Drug and Alcohol Use

According to the Department of Transportation, drivers who have been drinking alcohol are almost 30% more likely to get into fatal single-vehicle accidents than sober drivers. Drug and alcohol use can make it difficult or impossible for a driver to safely control a vehicle. Intoxication also increases the risk of poor driver decision-making such as speeding or swerving. A drunk driver can get into a single-vehicle crash if he or she loses control of the vehicle and collides with a fixed object, runs off the road, or rolls over.
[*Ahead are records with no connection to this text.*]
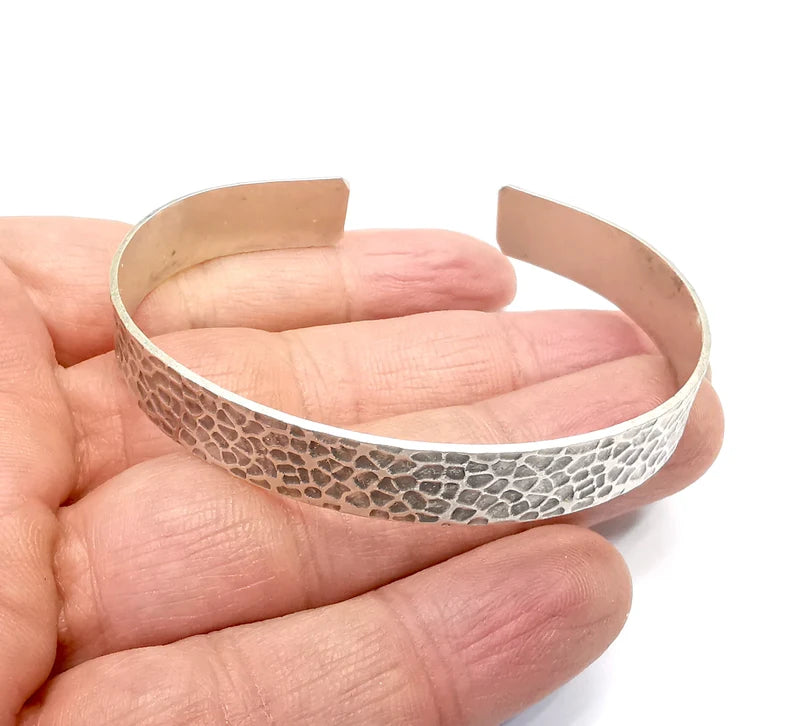Hammered Bracelet Bezel Cuff Blank Mountings Bangle Base Setting Antique Silver Plated Brass Adjustable Bracelet (10mm) G34848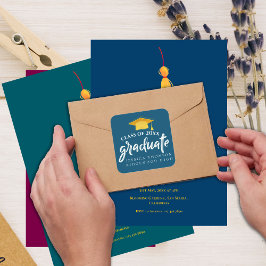 Adesivo Quadrado Blue Gold Grad Hat Turma de 2026 Formatura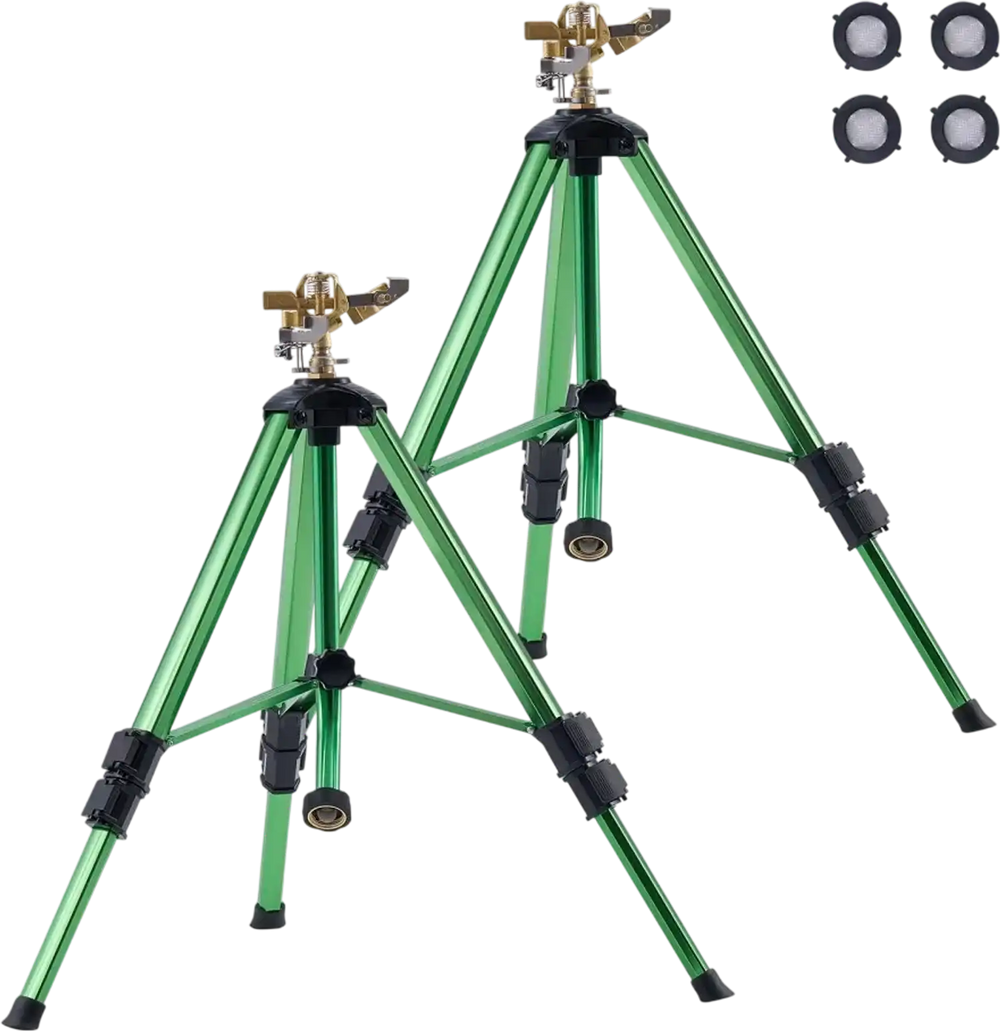 VEVOR Impact Sprinkler on Tripod Base, 2 Packs, Heavy Duty Tripod Sprinklers with Brass Head & 3/4"NH Connector, 360 Degree Large Area Irrigation Sprinkler, Adjustable Heights Sprinkler for Yard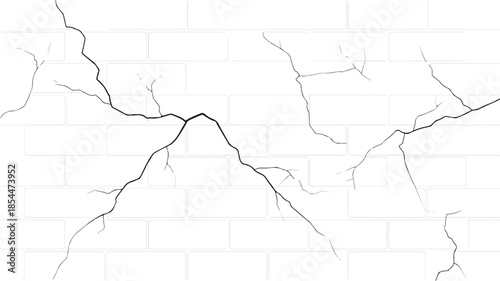Detailed White Brick Wall with Cracks A Graphic Illustration of Texture and Imperfection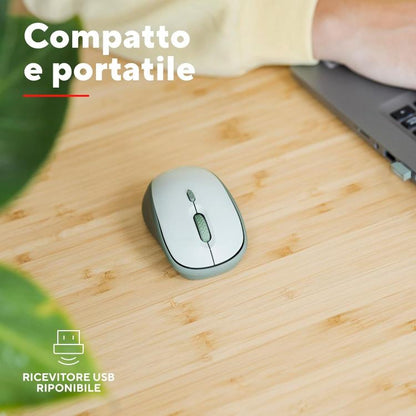 Trust Mouse Primo Wireless Compatto Ambidestro Ottico 1600 Dpi Dark Matt Blu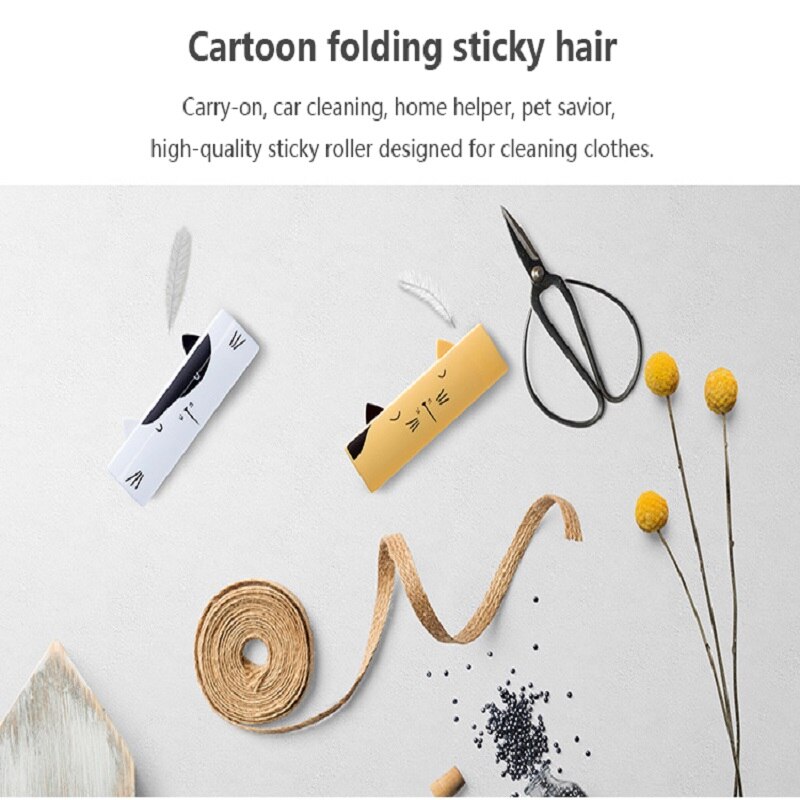 1Pcs Herbruikbare Kleding Cleaner Hair Remover Draagbare Cartoon Sticky Haar Vouwen Multifunctionele Roller Stofafscheider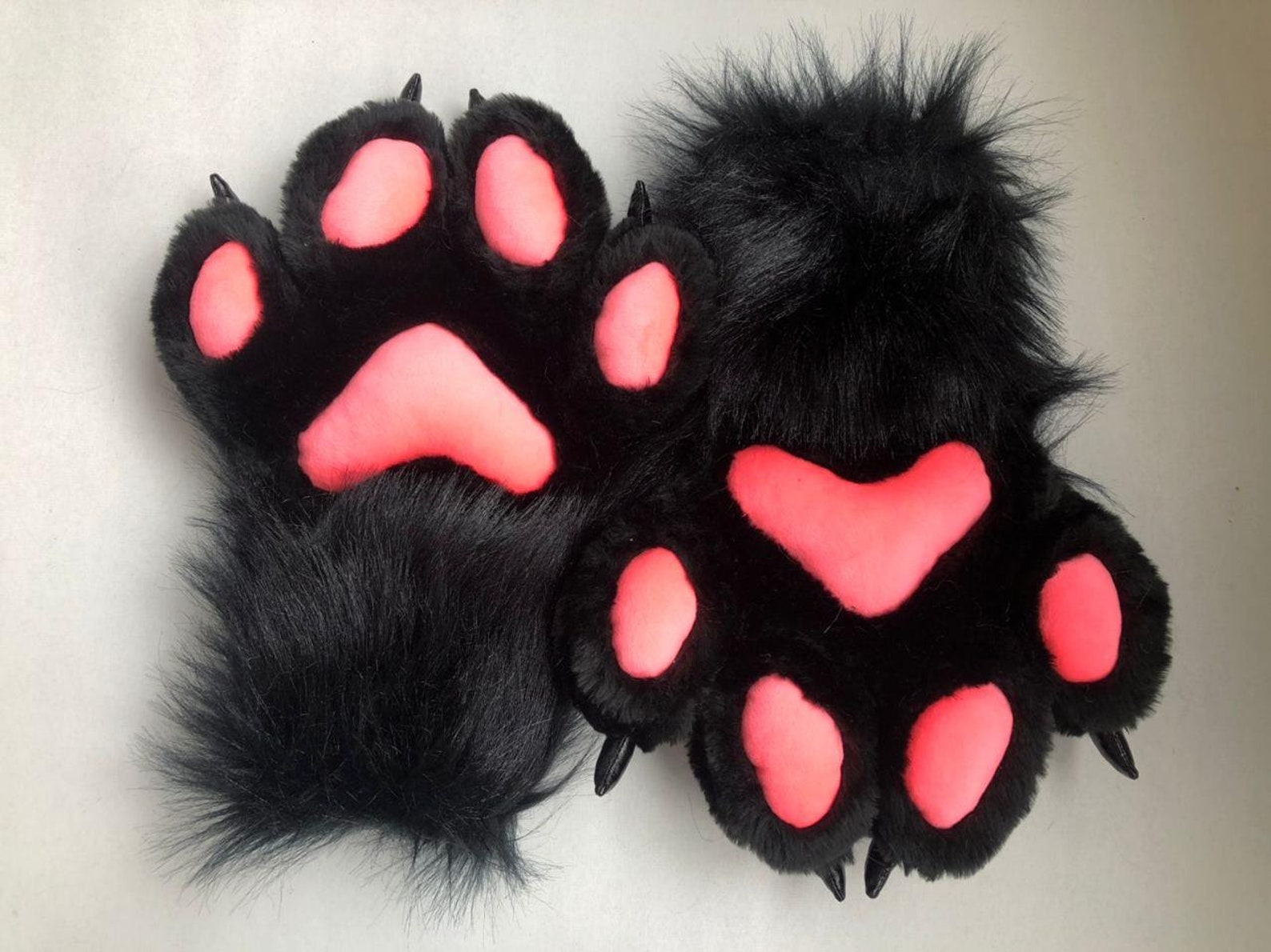 Black Fur Paws With Claws Fursuit Hand Paws Cat Paws Furry Etsy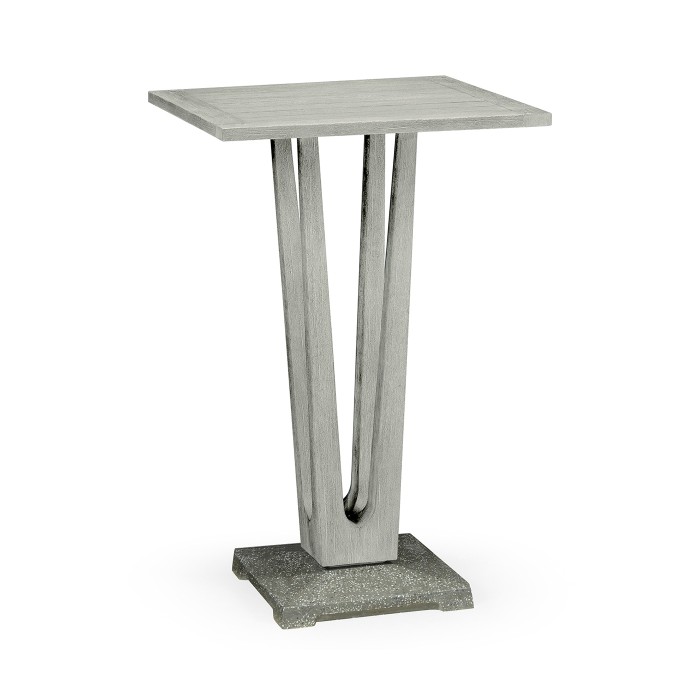 Square Cloudy Grey Bar Table with a Terrazzo Base 26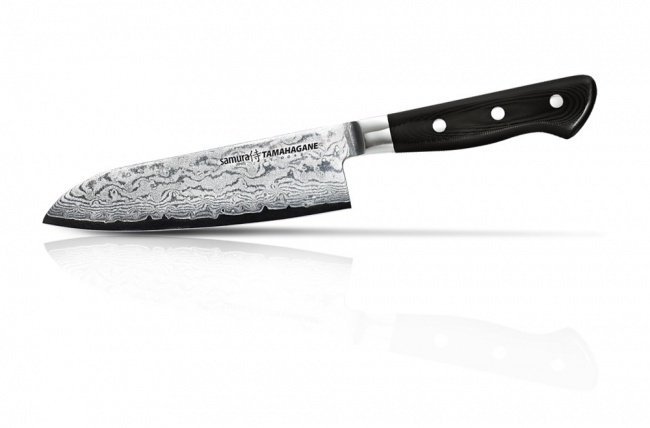 Нож кухонный стальной Сантоку Samura Tamahagane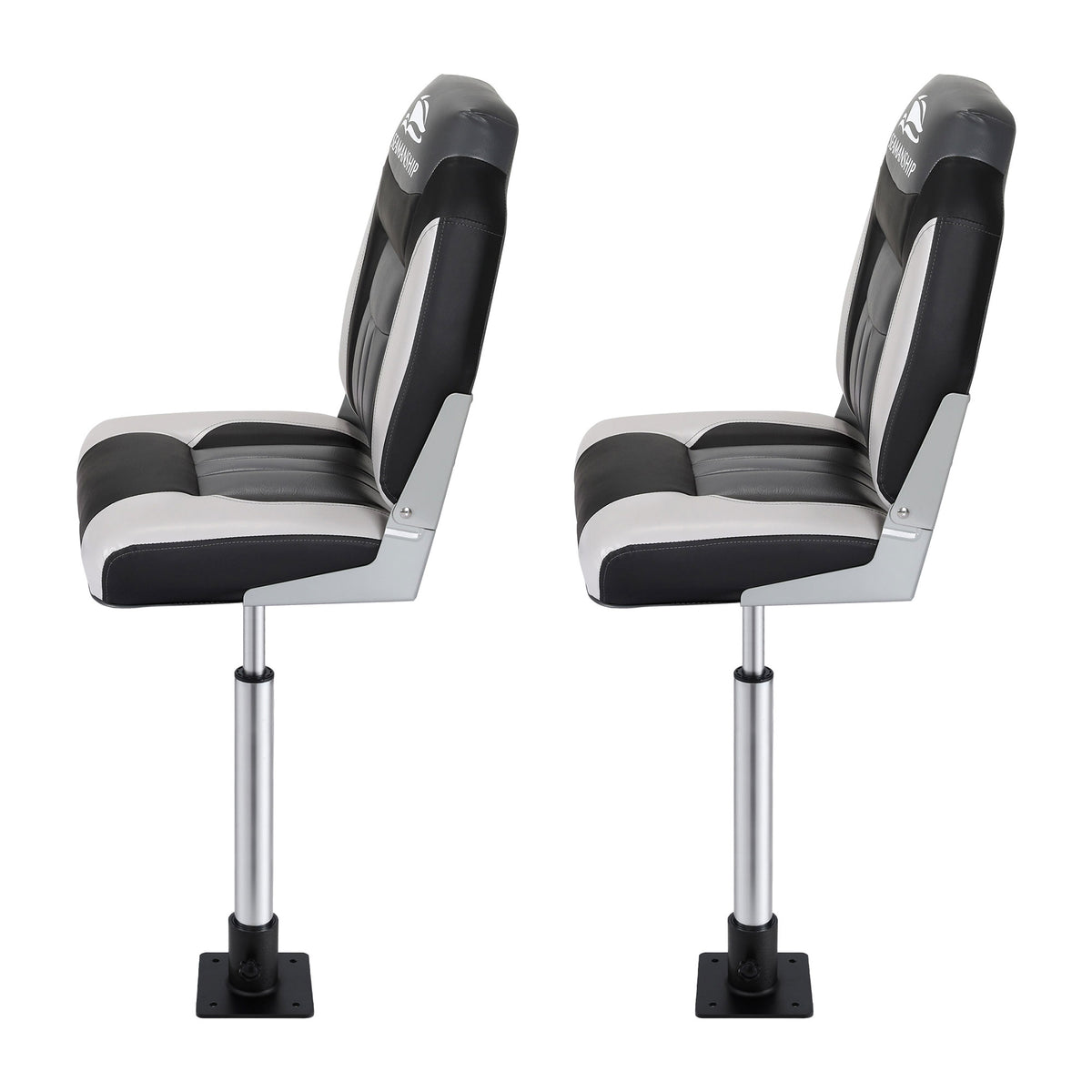 Seamanship 2X Folding Boat Seats with 2X Adjustable Pedestals 55–75cm Marine Seat Swivel High Back 12cm Padding Black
Driving over posted speed limits or too fast for conditions can significantly increase the risk of a driver losing control of a vehicle. Driving “too fast for conditions” can qualify as speeding even if the driver is technically under the posted speed limit. It is up to the driver to use his or her best judgment to lower speed in dangerous conditions. Taking curves too fast can result in vehicle rollover accidents, while speeding on wet roads can lead to hydroplaning, spinning, and crashing into partitions or objects. It is also more difficult for a speeding driver to react to changing roadway conditions, such as an animal darting into the road, than someone who is obeying the speed limit.

Driver Distraction

In 2016, 3,450 people died in distracted driving crashes in the U.S. A driver can get into a single-vehicle wreck if something like a cell phone is distracting him or her from the driving task. Looking down at a cell phone to read a text, for example, can be enough to make a driver drift off the road and clip a median or divider. Common driver distractions include cell phones, eating and drinking, passengers, maps, GPS and radios, and personal grooming.

Driver Inexperience

A younger, less experienced driver may be more prone to involvement in single-vehicle accidents. Teen drivers do not have the experience to safely handle hazards such as potholes, animals, or wet asphalt. They may use inappropriate maneuvers such as jerking the wheel or slamming on the brakes, resulting in accidents. Inexperienced drivers are also more inclined to reckless driving, including speeding, alcohol use, cell phone use, and chatting with passengers.

Environmental Conditions

Sometimes, no matter how careful a driver is, roadway conditions prove too dangerous to safely maneuver. Many single-vehicle accidents in Colorado are weather-related. Snow, ice, sleet, fog, or heavy rain can all make the roadways unsafe and cause single-vehicle collisions. Rural roads pose special risks of accidents compared to urban roads, such as poor lighting, fallen trees in the roadway, and crossing animals. In 2016, 51% of all fatal crashes in the U.S. occurred on rural roads. This included 10,317 fatalities in single-vehicle crashes.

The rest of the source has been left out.